## WHAT THE EXERCISE ASKS
Please copy every record below exactly, leaving out the pictures.

## AVAILABLE DATA
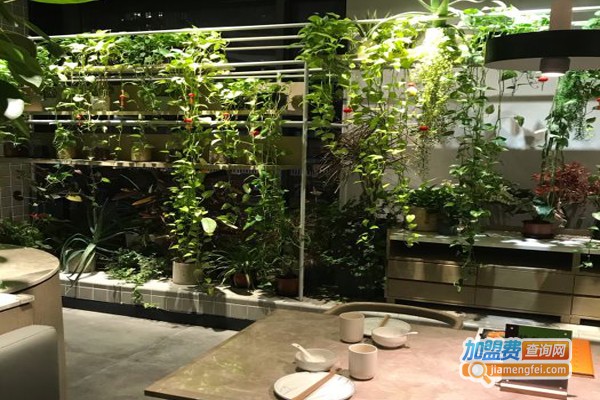 绿氧名厨加盟门店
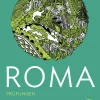 ROMA B Prüfungen 2*Buchner, C.C. Verlag Hot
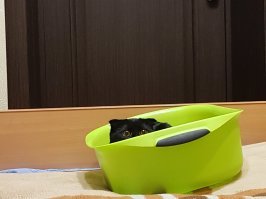 Эй человек зырь как,я умею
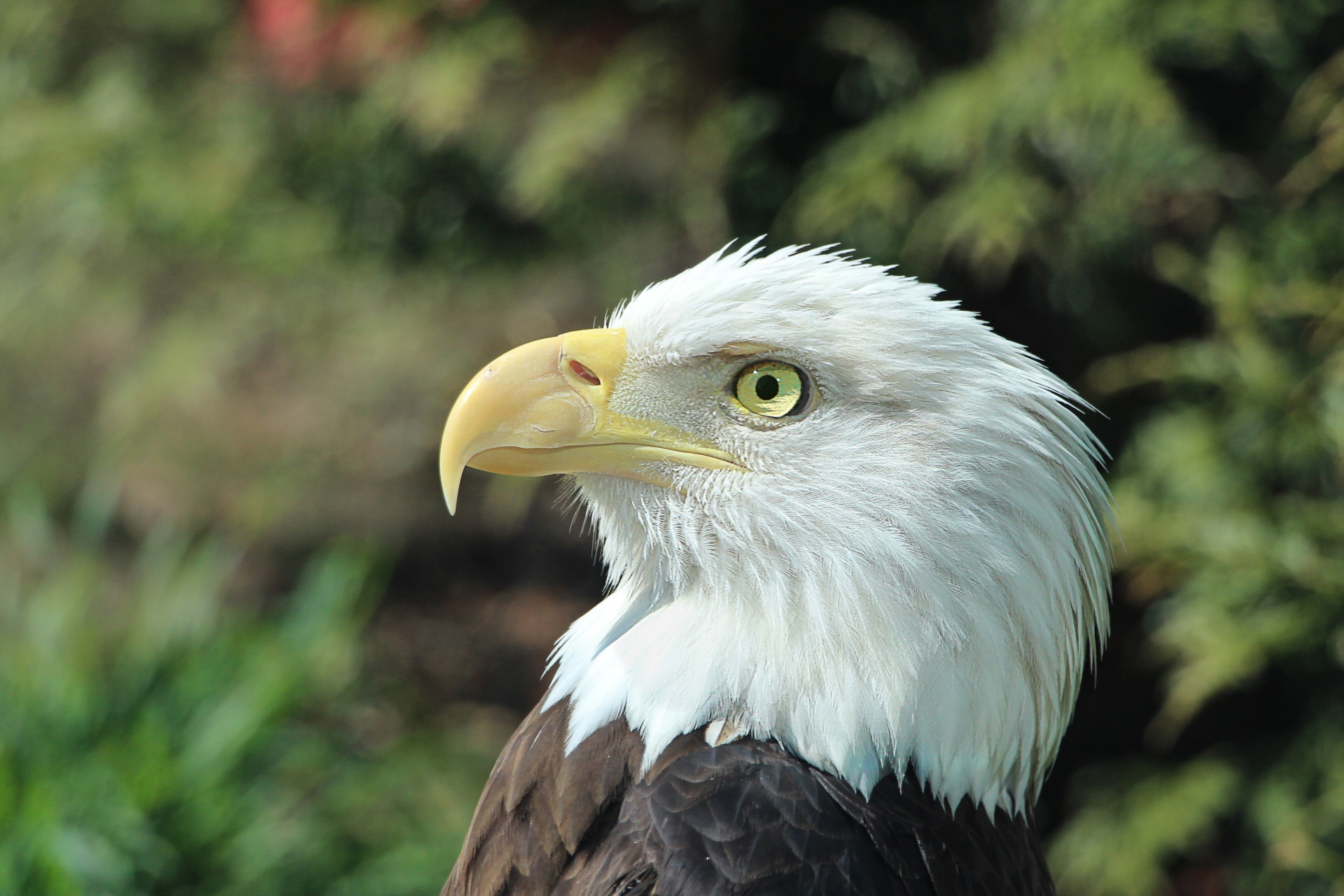 Bald Eagle Portrait 1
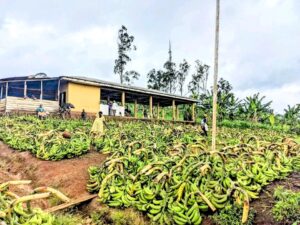 Bangem, Highest Producer of Plantain in Camroon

## YOUR SOLUTION
 绿氧名厨加盟门店
 ROMA B Prüfungen 2*Buchner, C.C. Verlag Hot
 Эй человек зырь как,я умею
 Bald Eagle Portrait 1
 Bangem, Highest Producer of Plantain in Camroon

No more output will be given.